Lines from the one with "3q-8:휠라 클래식 캔버스 로우 스니커즈 블랙화이트(230mm)" to the end of the material, both included: print them exactly and print nothing else. Omit the pictures.

===============

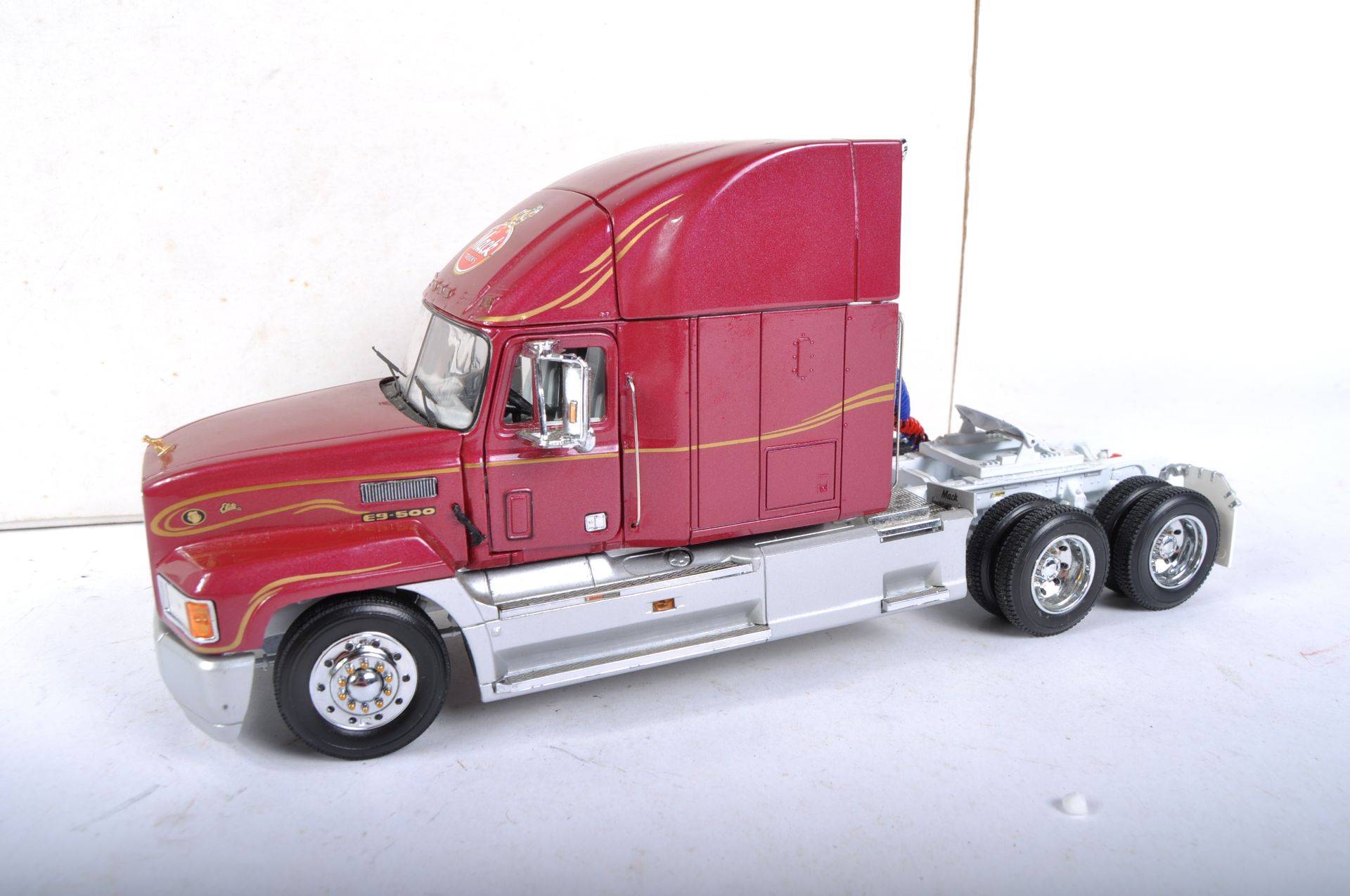 FRANKLIN MINT 1/32 SCALE PRECISION DIECAST MACK ELIITE TRUCK - Image 2 of 6
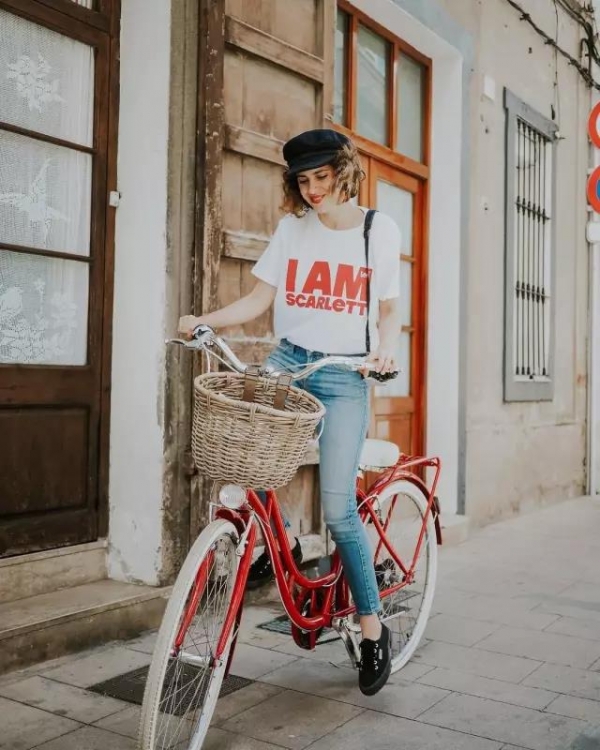 夏天穿什么衣服好看 这几种T恤潮翻你的夏天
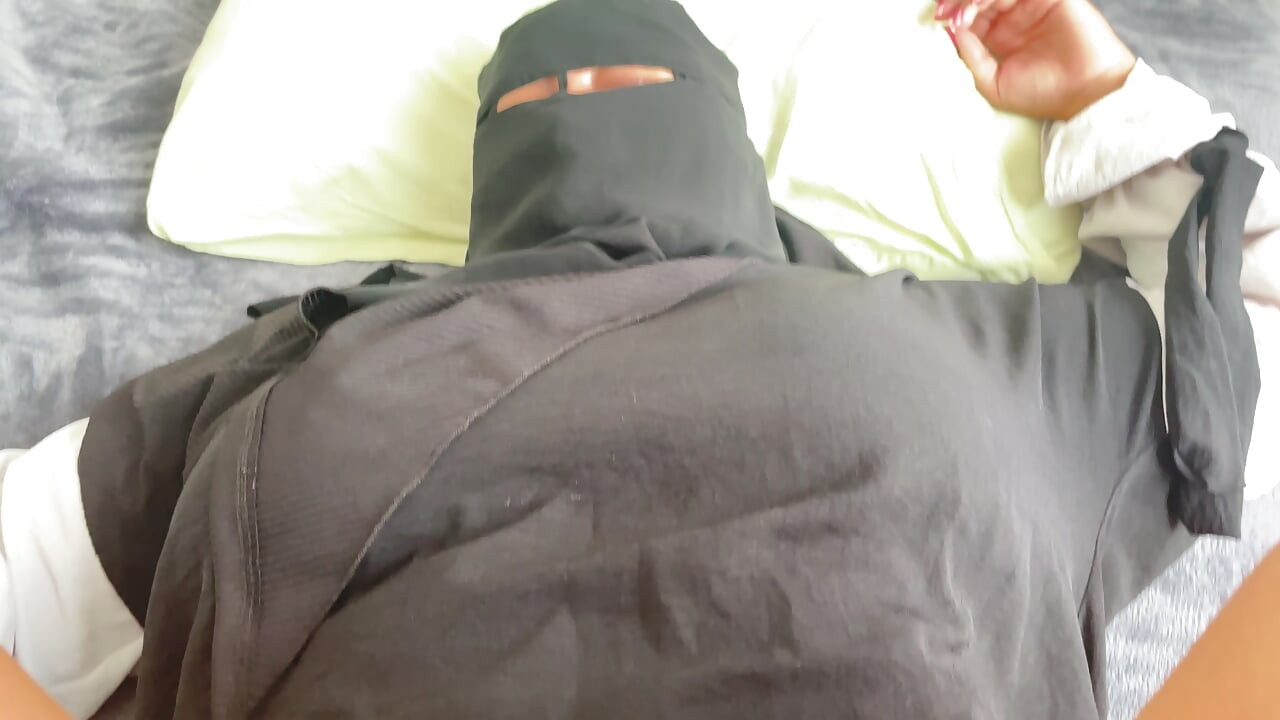 Üvey annemi mastürbasyon yaparken yakaladım ve onu sert siktim... Amcığı sırılsıklamdı.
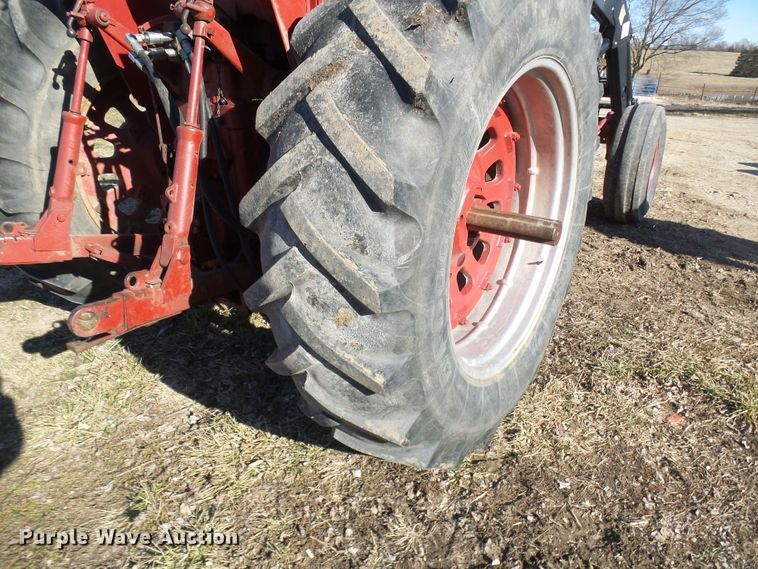 image for item DC2807 International 856  tractor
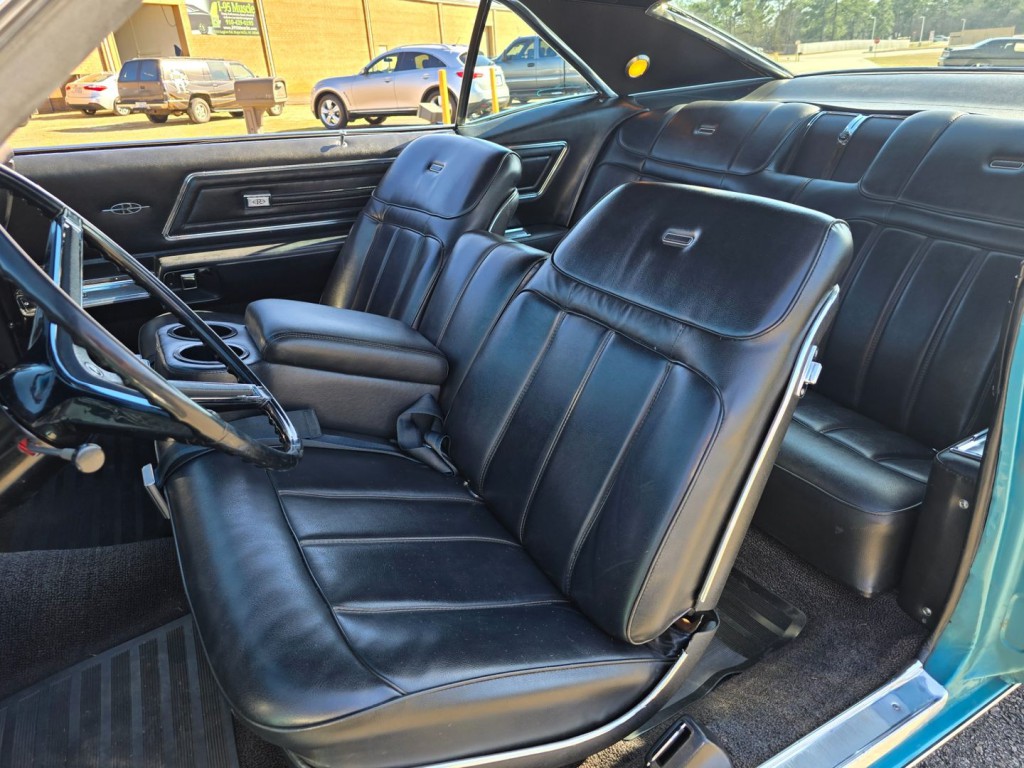 1968 Buick Riviera Image 21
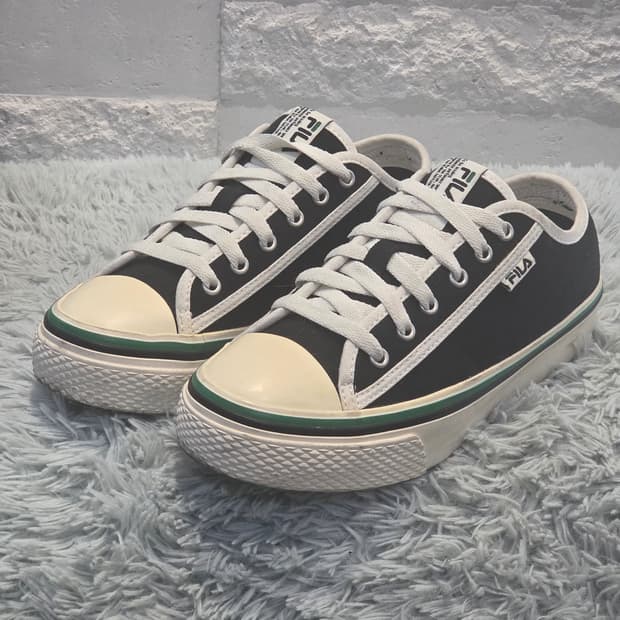 3q-8:휠라 클래식 캔버스 로우 스니커즈 블랙화이트(230mm)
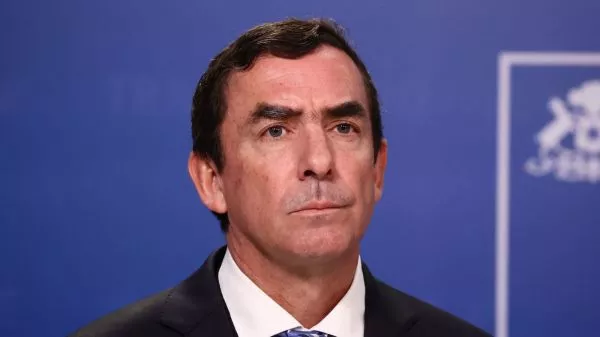 Ministro Rabat analiza la posibilidad de realizar cambios en Ley de Responsabilidad Penal Adolescente Ante la posibilidad de introducir cambios a la iniciativa, el secretario de Estado aseveró que "es una cuestión seria que debe analizarse también con mirada de reinserción".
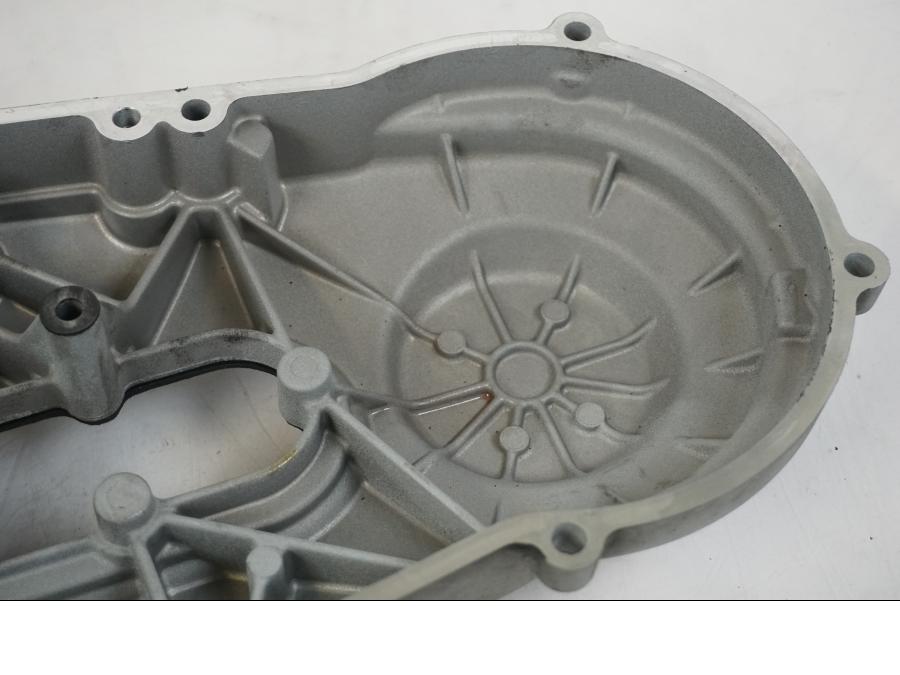 Extrabild3 på Transmissionskåpa från en H-D Softail Standard FXST -2001 motorcykel.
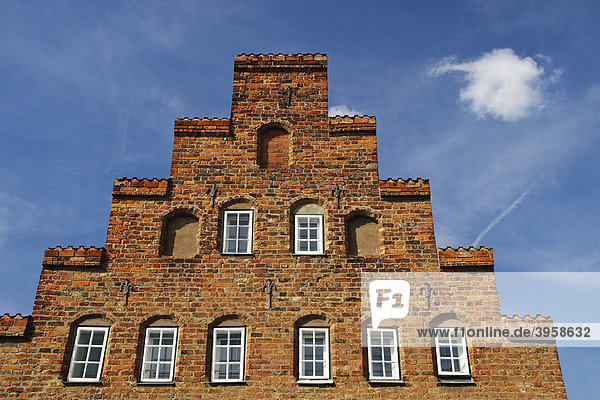 Historisches Bürgerhaus mit typischem Stufengiebel in der Altstadt von Lübeck  Schleswig-Holstein  Deutschland  Europa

===============

_Problem solution_
 3q-8:휠라 클래식 캔버스 로우 스니커즈 블랙화이트(230mm)
 Ministro Rabat analiza la posibilidad de realizar cambios en Ley de Responsabilidad Penal Adolescente Ante la posibilidad de introducir cambios a la iniciativa, el secretario de Estado aseveró que "es una cuestión seria que debe analizarse también con mirada de reinserción".
 Extrabild3 på Transmissionskåpa från en H-D Softail Standard FXST -2001 motorcykel.
 Historisches Bürgerhaus mit typischem Stufengiebel in der Altstadt von Lübeck  Schleswig-Holstein  Deutschland  Europa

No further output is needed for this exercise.